Why doesn’t he? I suggested to a man like him the life of sincerity and integrity is unreal; he can’t conceive of it. I now suggest on top of his maybe finally he didn’t respect her art. We must return to his first paragraph: He may have been the kind of person who respond intensely to his surroundings so we have to remember (as we shall see Jane does) he is in this courtier like place where for a person like himself (in effect a sort of upper servant, equivalent of a governess), who has just achieved a post and salary and place with Leopold of Cobourg, the man who was to be married to Princess Charlotte Augusta of Wales, the girl who it was thought would be queen, and so father of the next royal set. In the event she died from a horrible childbed experience. He is just full of pride, and has been puffed up as he has puffed others up for several days. I’ve no doubt one of his purposes was to boast about his new place – which as we shall see she tells him point blank she regards as one demanding such a sacrifice of thought and feelings that (it’s implied) barely worth it.
Here again is his boasting intended to make Austen feel all is not over with the list-servs (though a friend of hers has just died):
Lord St. Helens and many of the Nobility who have been staying here, paid you the just tribute of their Praise. The Prince Regent has just left us for London; and having been pleased to appoint me Chaplain and Private English Secretary to the Prince of Cobourg.

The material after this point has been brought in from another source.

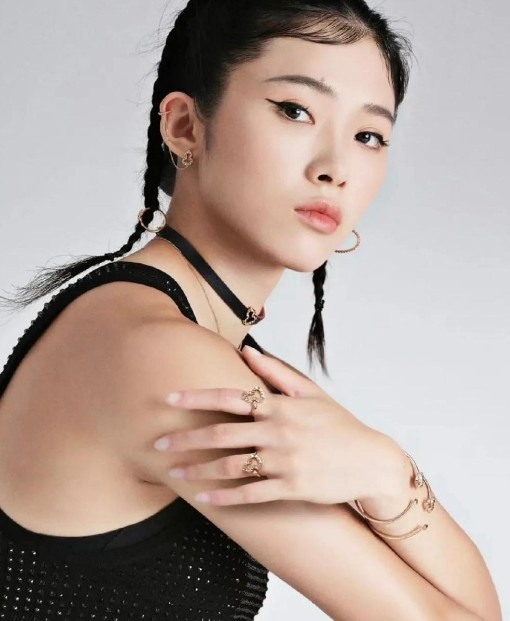 吴艳妮的出生日期_吴艳妮生肖属什么的?_吴艳妮的生辰八字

Her reply was originally from a religious perspective much harsher than the one she sent.
She sent this:
Under every interesting circumstance which your own Talents & literary Labours have placed you in, or the favour of the Regent bestowed, you have my best wishes. Your recent appointments I hope are a step to something still better. In my opinion, The service of a Court can hardly be too well paid, for immense must be the sacrifice of Time & Feeling required by it.
Given that Clarke’s a literary man (who wants to be published) to get the favor of such a person is a guarantee of it, so good. She hopes he will get something better — which if he read her words carefully (which I doubt he did) would seem strange to him. How could he get anything better than the prospective husband of a queen. Maybe she thinks chaplain is not that respected an office really (remember how Mary Crawford looks at it and says others do), but also it’s not likely to further a writing career. Finally that last line – I take it to mean that like Fanny Burney she regarded time at court as a death in life, preventing her from doing what makes life worth while
The original version points to the continual hypocrisy these positions required: For once LeFaye tells us something to the point:
In my opinion not more surely should They who preach Gospel, live by the Gospel, than they who live by a Court, live by it – & live well by it too; for the sacrifices of Time & Feeling they must be immense.

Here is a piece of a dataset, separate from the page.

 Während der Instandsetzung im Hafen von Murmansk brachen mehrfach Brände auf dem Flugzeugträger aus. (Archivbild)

In other words, at a court the central of religion to be truthful and moral is not possible because you must continually be lying in some way or other so outside the court they had better live by the gospel for real to make up for the Immense sacrifices of time and feeling.

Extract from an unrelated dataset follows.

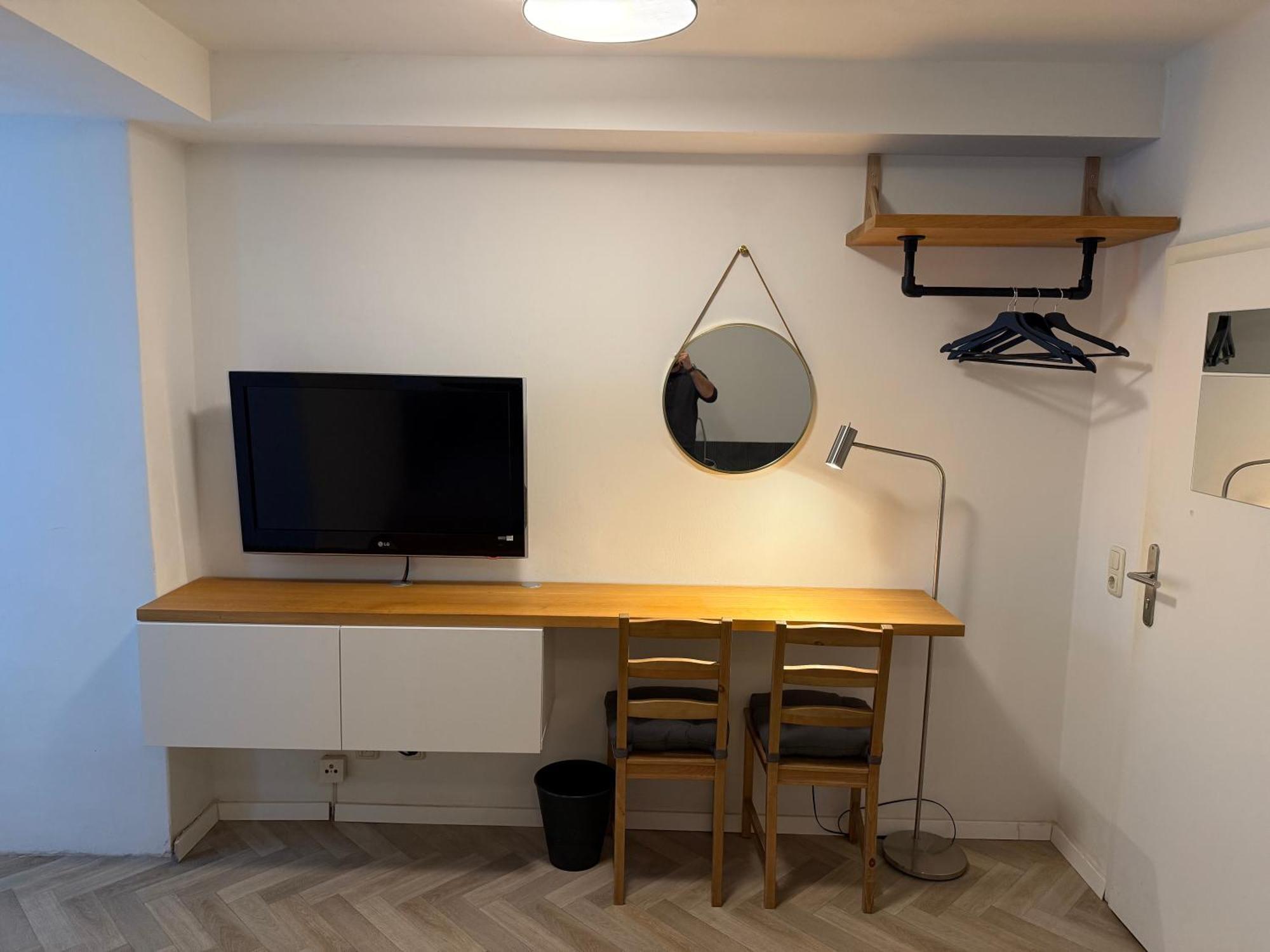 Zentrumsnahes Monteurszimmer Erfurt Esterno foto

Time shows this is a literary thought for the Bible emphasizes truthful feeling not time. Austen would hate to give up her writing time to be living at that Pavilion.
Austen is aware of how much she disliked his letter and how hers contradicts his at every point and sometimes deeply so her opening is very courteous, courtier-like one might say, but not untruthful. In her opening she excuses herself for putting off writing back — she thinks that to him this several month interval between his letter of December (still unanswered) would be slightly insulting: after all is he not chaplain to … living with these big shots, did he not tell these great people paid tribute to her book. (I am not so convinced as others appear to be that the court group liked Emma — would they really? come now, a book where nothing happens but an old man eats his gruel and his daughter copes with him — would they even grasp the satire on her snobbery? her use of Harriet would seem to them nothing wrong at all. So what does she say? does she believe it. Not quite. She thanks him “for the kind manner in which you mention the Work.” She is aware she never answered his previous much more decent letter where he offered her a place to visit at the library; now 5-6 days have gone by since this last one and she just forces herself.
I assure You I felt very grateful for the friendly Tenor of it, & hope my silence will have been considered as it was truely meant, to proceed only from an unwillingness to tax your Time with idle Thanks. —
She is not lying in the sense that he did praise her and repeat praise of her. She was grateful for his stance of friendliness but knows better than to listen to him literally. He meant well, he means well by his materialistic point of view to her. But all she can offer are “idle Thanks” of a woman who can do nothing for him (that’s why her thanks are idle).
It matters not if the average ambitious person would understand Stanier Clarke’s offer, Jane Austen is not such a person, her books do not come out of such outlooks and she realizes he can’t get that. Yet she does forgive him as she knows there are far worse fools and meaner people. He has after all paid her the compliment of using her to flatter the Prince Regent by connecting him to an author who was being recognized however slowly as having something fine in her books – that’s why Murray took her and keep the relationship up as best a busy publisher could.
From Diane Reynolds’s reading of the first and second letter:
The ostensible reason for this letter is to thank JA for the advance copy of Emma sent to the PR. Oddly, he refers to it not by name, but with the generic boilerplate, “your last excellent novel.” Does he even remember it’s called Emma?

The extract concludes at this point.